Upgrading vLLM to v0.17.0 with Qwen on RTX 4000 Ada: Every Breaking Change You Will Hit

This is a follow-up to my earlier post on getting vLLM + Qwen2.5-14B working with tool calling on RTX 4000 Ada. That setup ran vLLM v0.9.2. Upgrading to v0.17.0 broke things in ten distinct ways. This post records each one in the order it was encountered, with the fix.

Hardware and target

GPU: NVIDIA RTX 4000 SFF Ada Generation — 20GB VRAM, sm_89 architecture OS: Ubuntu 24.04 Upgrade path: vllm/vllm-openai:v0.9.2 → vllm/vllm-openai:v0.17.0 Models explored: Qwen3.5-9B, Qwen3-8B-AWQ, Qwen2.5-14B-Instruct-AWQ Final model: Qwen/Qwen2.5-14B-Instruct-AWQ Goal: Tool calling for agentic coding (qwen-code / OpenCode)

Issue 1: `--model` flag is deprecated

Symptom: Container starts with a deprecation warning then exits or ignores the model arg.

What changed: In v0.17.0 the CLI restructured. vllm serve is now a proper subcommand and the model name is a positional argument, not a flag.

Old:

command: >
  --model Qwen/Qwen2.5-14B-Instruct-AWQ
  --quantization awq_marlin

New:

entrypoint: ["vllm", "serve", "Qwen/Qwen3-8B-AWQ"]
command: >
  --quantization awq_marlin
  --gpu-memory-utilization 0.95

Note: this also leads directly to Issue 3 — keep reading.

Issue 2: CUDA runtime not found

Symptom:

RuntimeError: Failed to infer device type

The container starts but vLLM can’t see the GPU at all.

Root cause: The runtime: nvidia key in docker-compose conflicts with the deploy: block when both are present in some Compose versions.
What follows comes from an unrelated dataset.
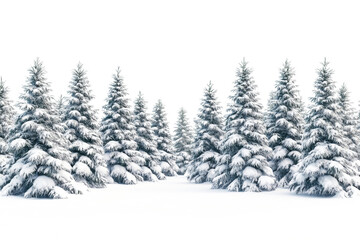 Fototapeta premium Winter Wonderland: Snow Covered Pine Trees in a Serene Forest Landscape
The result is that neither works — the container gets no GPU access.

Fix: Remove runtime: nvidia entirely and rely on the deploy.resources.reservations block. Add NVIDIA_VISIBLE_DEVICES=all explicitly as an environment variable to ensure the NVIDIA Container Toolkit exposes the GPU inside the container.

services:
  lmcache-vllm:
    image: vllm/vllm-openai:v0.17.0
    # Do NOT add: runtime: nvidia
    deploy:
      resources:
        reservations:
          devices:
            - driver: nvidia
              count: all
              capabilities: [gpu]
    environment:
      - NVIDIA_VISIBLE_DEVICES=all
      - HF_TOKEN=${HF_TOKEN}

Issue 3: Docker entrypoint conflict

Symptom: The command fails with an unrecognized argument error, or vllm is called twice in the resulting process string.

Root cause: The vllm/vllm-openai image already sets vllm as its ENTRYPOINT. If your docker-compose command: starts with serve, Docker passes it as an argument to vllm — which works. But if you also prefix with vllm in the command, you get vllm vllm serve ....

The clean approach that handles the model-as-positional-arg change from Issue 1 is to override the entrypoint fully:

entrypoint: ["vllm", "serve", "Qwen/Qwen3-8B-AWQ"]
command: >
  --gpu-memory-utilization 0.95
  --max-model-len 23232
  --quantization awq_marlin
  --enable-auto-tool-choice
  --tool-call-parser hermes

This gives you a clean process line: vllm serve Qwen/Qwen3-8B-AWQ --gpu-memory-utilization ...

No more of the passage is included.